Foi fantástico o show ontem. Confesso que quase nada conhecia dos Cariocas, e gostei muito. Quanto à Miúcha, foi um espetáculo. Uma presença de palco maravilhosa. Mesmo com dificuldade em andar, ensaiava passos simpáticos quando em pé estava, ao ritmo dos giros de sua bengala. Eram duas, três músicas e uma história contada pela cantora.

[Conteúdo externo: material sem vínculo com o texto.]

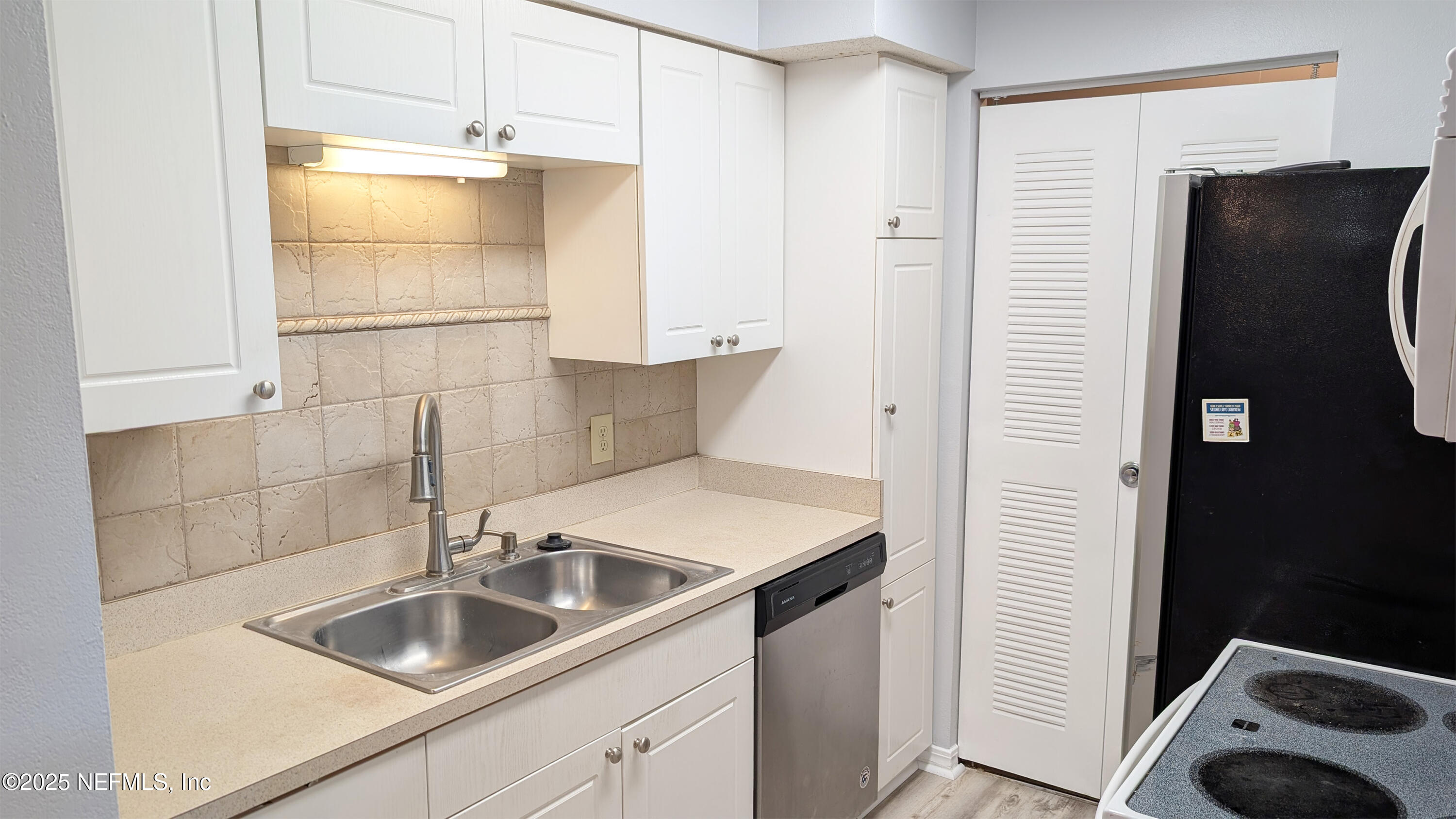 10200 BELLE RIVE Boulevard, 212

Histórias dos anos 50, 60, 70... Ela, Tom, Vinicius e cia andando pelo Rio em vida de boemios.

Certa vez, contou-nos, ao ver a quantidade de chops tomados por eles, Vinicius lhe disse: "Miuchinha, a gente tá bebendo em níveis industriais!". O contato, aliás, desde criança, com Vinicius em sua casa, por este ser amigo de seu pai, estimulou a música na família. E que família! O sobrenome Buarque de Hollanda é abençoado. Um dia, por exemplo, com sua mania de diminutivos, o poetinha disse ao já famoso jovem Chico: "Chiquinho, vamos virar parceirinho?". Saiu, nada mais, nada menos, do que Gente Humilde, interpretada de maneira única por Miúcha ontem. Jamais o último verso da música me foi tão verdadeiro como ouvindo à contora ao vivo.

A única tristeza foi a platéia vazia. Não entendo. Uma cantora e um grupo com tanta história, com tamanha importância musical em nosso país! Talvez tenha sido o preço do ingresso: 80 reais, a inteira. Mas, ao sair do espetáculo, não consigo, eu juro, dizer que estava caro.